Task to carry out
The range runs from the line containing "Mini GT 1:64" through the last line of the material below; retype it exactly, leaving out the pictures.

Dataset section
########################################

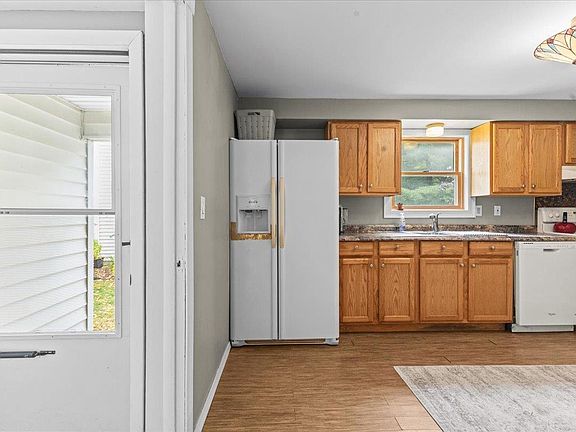5th image of 39 Fairmont Place #39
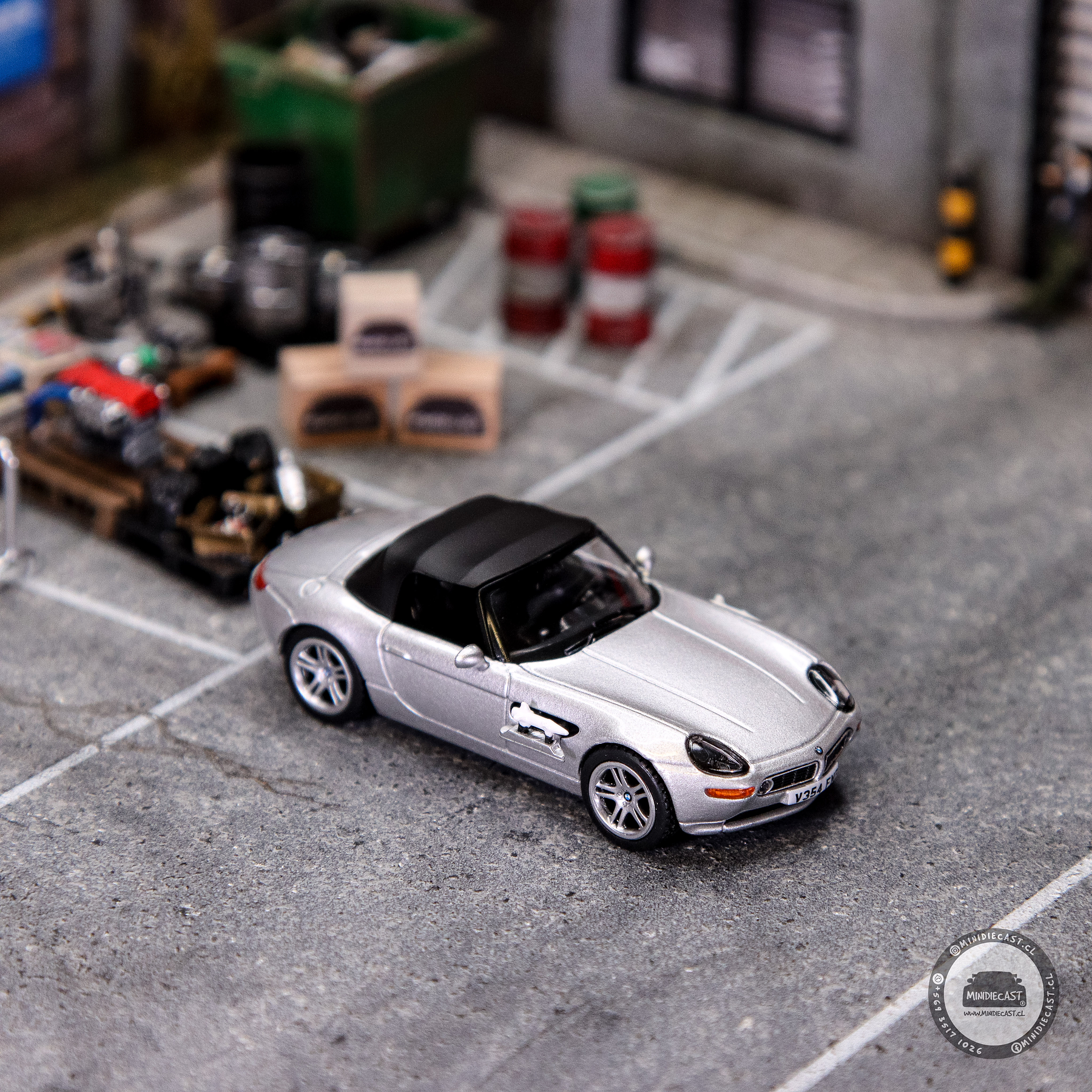 Mini GT 1:64 BMW Z8 “The World Is Not Enough” – English Version Packaging – Limited Edition.
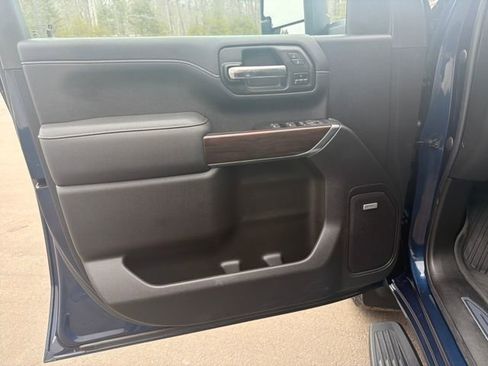 Certified 2023 GMC Sierra 2500 SLT w/ SLT Premium Package image 10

########################################

Task result
 Mini GT 1:64 BMW Z8 “The World Is Not Enough” – English Version Packaging – Limited Edition.
 Certified 2023 GMC Sierra 2500 SLT w/ SLT Premium Package image 10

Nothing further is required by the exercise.